I spoke to my RAM provider and they started to supply us the "Ryzen Optimized" kits that you see on the current systems. That 3600 CAS18 RAM on the listing do 72ns out of the box with nothing more needing doing than applying the inbuilt D.O.C.P. (AMD/ASUS name for XMP).

Testing wise, the 3950X is really stock limited, although I've got my hands on one this week, we're not sure when or even if a second batch is due to ship. Intel at the same time has been a completely paper launch with samples only being shipped this week. I'll have some results up soonish, just a matter of getting the chips on the bench now.


----------



## pulsedownloader (Dec 4, 2019)

How much does that come in at for you?


----------



## Jono (Dec 4, 2019)

pulsedownloader said:


> How much does that come in at for you?


From memory the build I was looking at is around £2800


----------



## dadadave (Dec 4, 2019)

Pete Kaine said:


> The 3600MHz kits on there currently are pretty optimal. I figured out through more recent testing that "optimal" in this instance is about 70ns - 80ns latency, where the more generic kits would default to about 110ns - 125ns and those only with a lot of tweaking could be taken down to about 70ns - 80ns which seemed great.
> 
> I spoke to my RAM provider and they started to supply us the "Ryzen Optimized" kits that you see on the current systems. That 3600 CAS18 RAM on the listing do 72ns out of the box with nothing more needing doing than applying the inbuilt D.O.C.P. (AMD/ASUS name for XMP).
> 
> Testing wise, the 3950X is really stock limited, although I've got my hands on one this week, we're not sure when or even if a second batch is due to ship. Intel at the same time has been a completely paper launch with samples only being shipped this week. I'll have some results up soonish, just a matter of getting the chips on the bench now.

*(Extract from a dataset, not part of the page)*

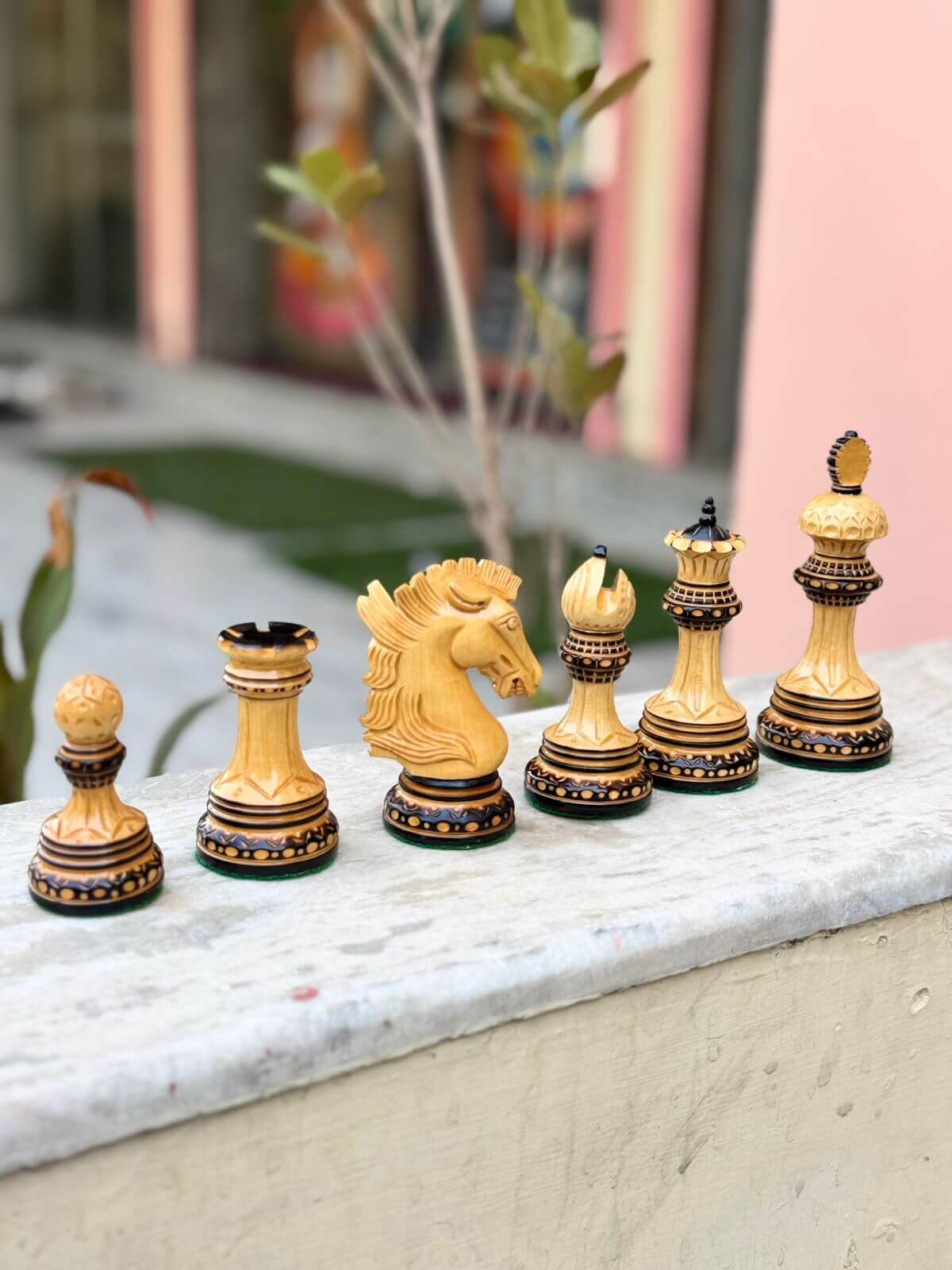 Hand carved Alexandria luxury chess pieces in boxwood displayed on a surface, including a knight, queen, and rook.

Great of you to chime in, Pete, thank you for that info!

In your last blog post from July about RAM you speculated about faster lower-latency RAM maybe being a remedy for that curious CPU overload behaviour you were observing. Did that turn out to not be the case, then, and it was related to the Ryzen issue of moving threads between CCXses or something? Much has been made of synchronizing the RAM perfectly to the Infinity Fabric, but there are just no resources or tests out there aside from yours about Ryzen 3000 performance specifically for DAW use cases.

Do you have any expectations how the 3950X lower base clock speed might play out, compared to the 3900X? Also, how come 64GB of RAM is the limit for Ryzen-based systems at scanpro? The motherboard specs state 128GB iirc, is that maybe not at full speed or something?

Looking forward to further insights, then! I'm ready to buy a new system, but the difficulty to find reliable information that paints a clear and reassuring picture is making me hold back.


----------



## dadadave (Dec 15, 2019)

@Jono Did you end up getting that system? If so, how is working out for you? I've wondered if the high power draw of these intel HEDT is an issue (e.g. requiring loud fans). (Then again, while the full load temperatures are higher than on Ryzen 3000, the idle temperatures are apparently lower, so maybe in actual everyday use it could actually be quieter).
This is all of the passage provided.